The result was visible within days. The number of auth-related failures dropped from a few per week to near zero. The “signature expired” CI flakes went away because the VMs and runners were now syncing to the same local reference immediately at boot. Developers stopped seeing sporadic payment failures on devices tethered to the office Wi‑Fi.

The failure I didn’t expect (and the tradeoff I accepted)

This is where I admit the thing that bit me.

A month in, a prolonged power cut hit my house (Bengaluru monsoon season). The Pi’s SD got corrupted — the cheap SD card I used was the weakest link. The NTP server died cleanly but unexpectedly. Because we’d made the Pi the primary time source in DHCP, some devices that had no other reliable upstream NTP drifted until they could reach pool.ntp.org directly. For a few minutes we saw a handful of flaky tests again.

The lessons:

SD cards are the real Achilles’ heel on hobby hardware. Use a read-only root, or better, an eMMC/SSD or just inexpensive UPS (I bought a ₹2,200 UPS later).
A single on-prem device is useful but not sufficient. I now run a fallback: chrony configured with both the Pi and public pools, with the Pi preferred but not required.
This doesn’t solve mobile devices off the LAN or remote clients — if you have customers in vastly different networks, you still need resilient validation in your auth flow (grace windows, drift-aware logs, and careful TTLs).
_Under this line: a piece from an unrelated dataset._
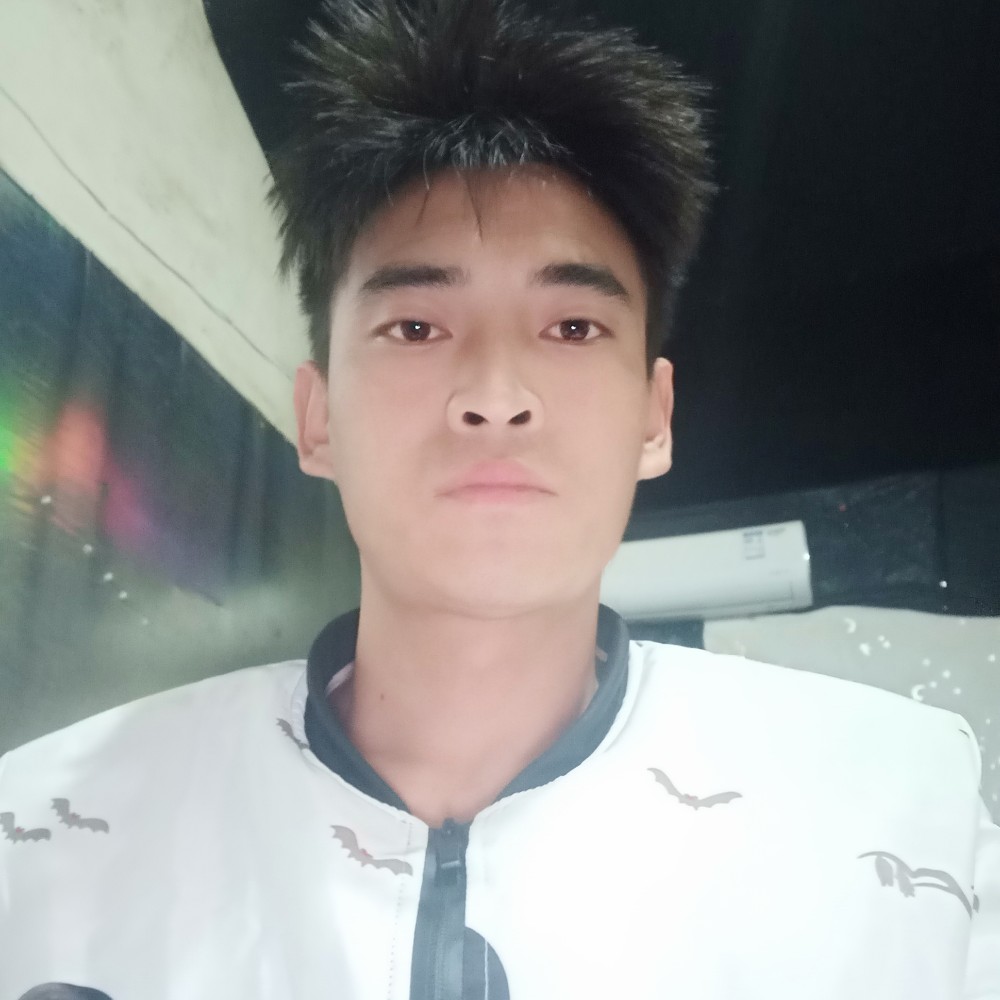 伶俐打玫瑰的照片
Costs vs benefit in our setting

Total spend including UPS and a better SD card came to about ₹6,000. For a small team repeatedly debugging late-night auth flakiness, that’s cheap insurance. It buys two things that matter more than uptime numbers: deterministic debugging and fewer noisy, misleading failure modes.

If you run short-lived tokens, care about TOTP/OTP, or maintain CI jobs that boot from snapshots, local time consistency is an underrated dependency. Your logs become trustworthy again, temporal race conditions stop being ghosts, and you stop chasing timestamps in ten different places.

Takeaway

If intermittent “expired” tokens or snapshot-startup flakes have cost you late nights, set up a small local NTP server and make it the preferred source on your LAN and CI hosts. It won’t fix every clock-related problem — power, redundancy, and SD reliability matter — but it narrows the blast radius fast. My real lesson: fix the environment before loosening your security rules.